Hutan Kemasyarakatan Sebagai Upaya Solutif
Era reformasi saat ini, paling tidak terdapat sebuah pilihan hukum yang
dapat digunakan oleh masyarakat adat agar bisa berperan dalam pengurusan
sumberdaya hutan, yakni penerapan kehutanan masyarakat untuk keseluruhan
paguyuban masyarakat adat. Sebuah konsep yang berbeda dengan Hutan
Kemasyarakatan. Inisiasi yang mendukung pengelolaan hutan adat secara
professional tersebut dimotori oleh Pemerintah Daerah Kutai Barat yang
menggunakan istilah Kehutanan Masyarakat dalam Peraturan Daerah No. 12/2003
tentang Kehutanan Masyarakat.
Konsep kehutanan masyarakat berbeda dengan Hutan Kemasyarakatan. Dengan
tegas Keputusan Menhut No. 31/2001 mengatakan bahwa izin kegiatan HKM bukan
merupakan hak pemilikan atas kawasan hutan dan tidak dapat diagunkan atau
dipindahtangankan. Ketidakseriusan pemerintah dalam hal ini Departemen
Kehutanan dalam mengawal HKM dan Kehutanan Masyarakat, mengakibatkan hingga
saat ini belum semeter tanahpun yang masuk dalam HKM dan Kehutanan Masyarakat.
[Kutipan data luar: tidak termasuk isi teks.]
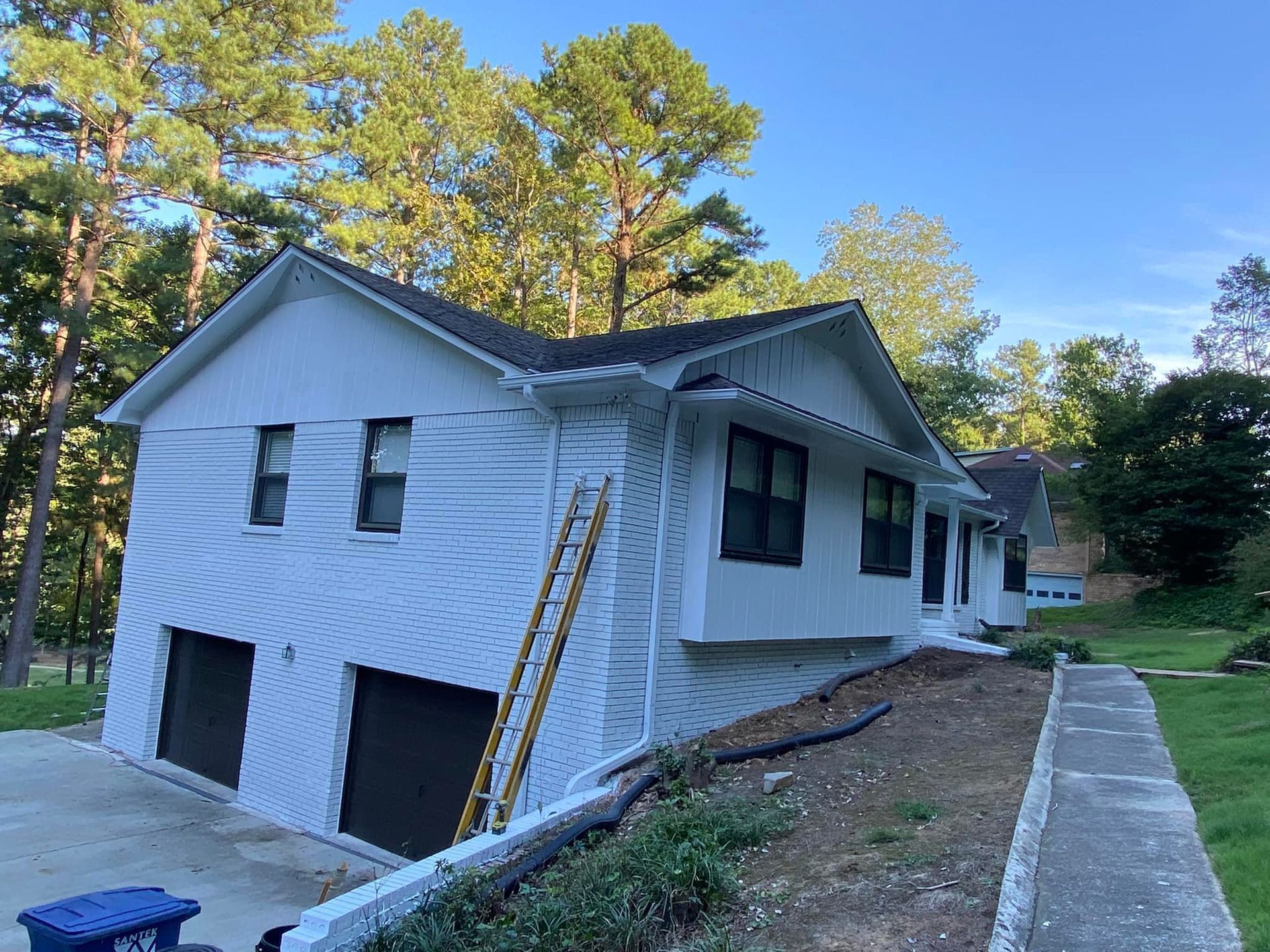 White house with black garage doors and windows, a ladder, and a concrete walkway.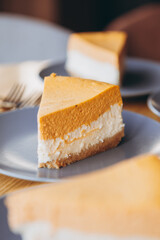 Piece of pumpkin homemade cake. Festive dessert concept. pumpkin tart on cozy cafe background, selective focus, noise effect
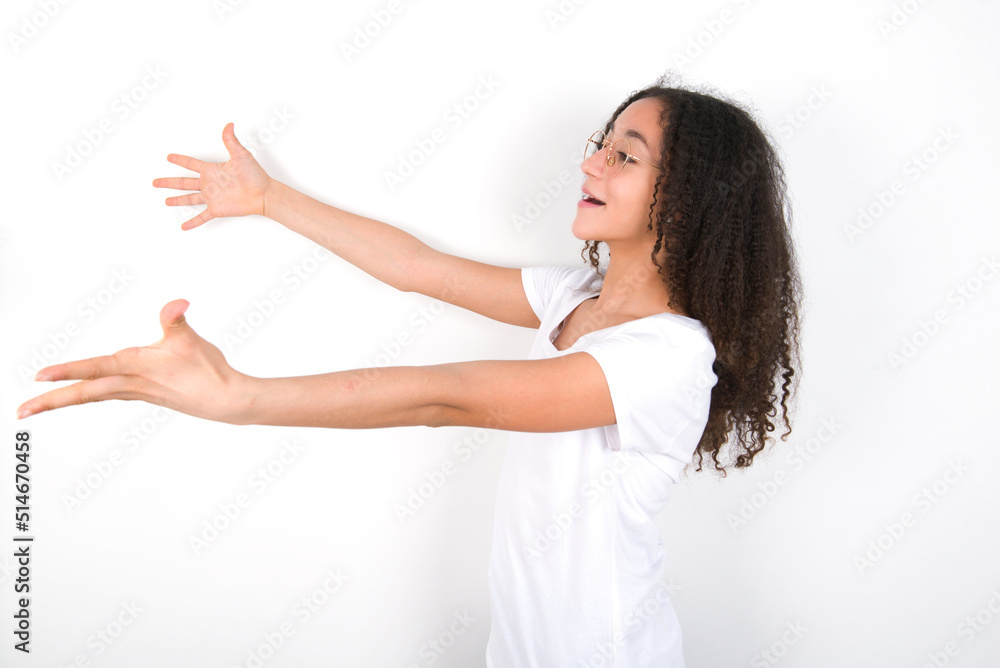 Funny astonished Teenager girl with afro hairstyle wearing white T-shirt over white wall look empty space with arms opened ready to catch something. Funny astonished Teenager girl with afro hairstyle wearing white T-shirt over white wall look empty space with arms opened ready to catch something.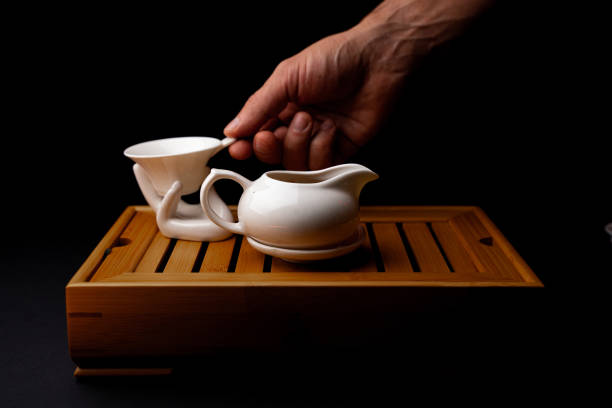 A beautifully captured moment of a traditional Chinese Gongfu tea ceremony. A hand gracefully pours tea from a delicate teapot onto a tea pet, surrounded by an elegant tea set on a wooden tray. The dark background enhances the aesthetic and cultural significance of this mindful tea ritual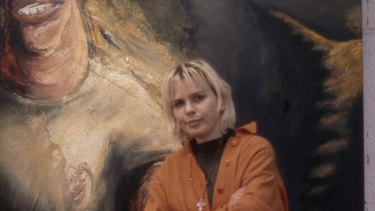 Karen Casey poses with her work Got the Bastard, 1991.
Pada bulan Maret lalu, kembali Aliansi Masyarakat Adat Nusantara dalam
Konsultasi Nasional Masyarakat Adat tentang perubahan iklim dan REDD lalu
mengajukan rekomendasi kepada Departemen Kehutanan. Salah satunya adalah
mendorong pengakuan dan perlindungan, serta promosi bagi model-model
pengelolaan hutan secara tradisional oleh Masyarakat Adat. Itulah jalan yang
mesti ditempuh. Hal ini dikarenakan keyakinan bahwa solusi terhadap semua
persoalan kehutanan di Indonesia hanyalah kearifan adat.
Namun sekali lagi, kebijakan tinggallah kebijakan yang tanpa implementasi.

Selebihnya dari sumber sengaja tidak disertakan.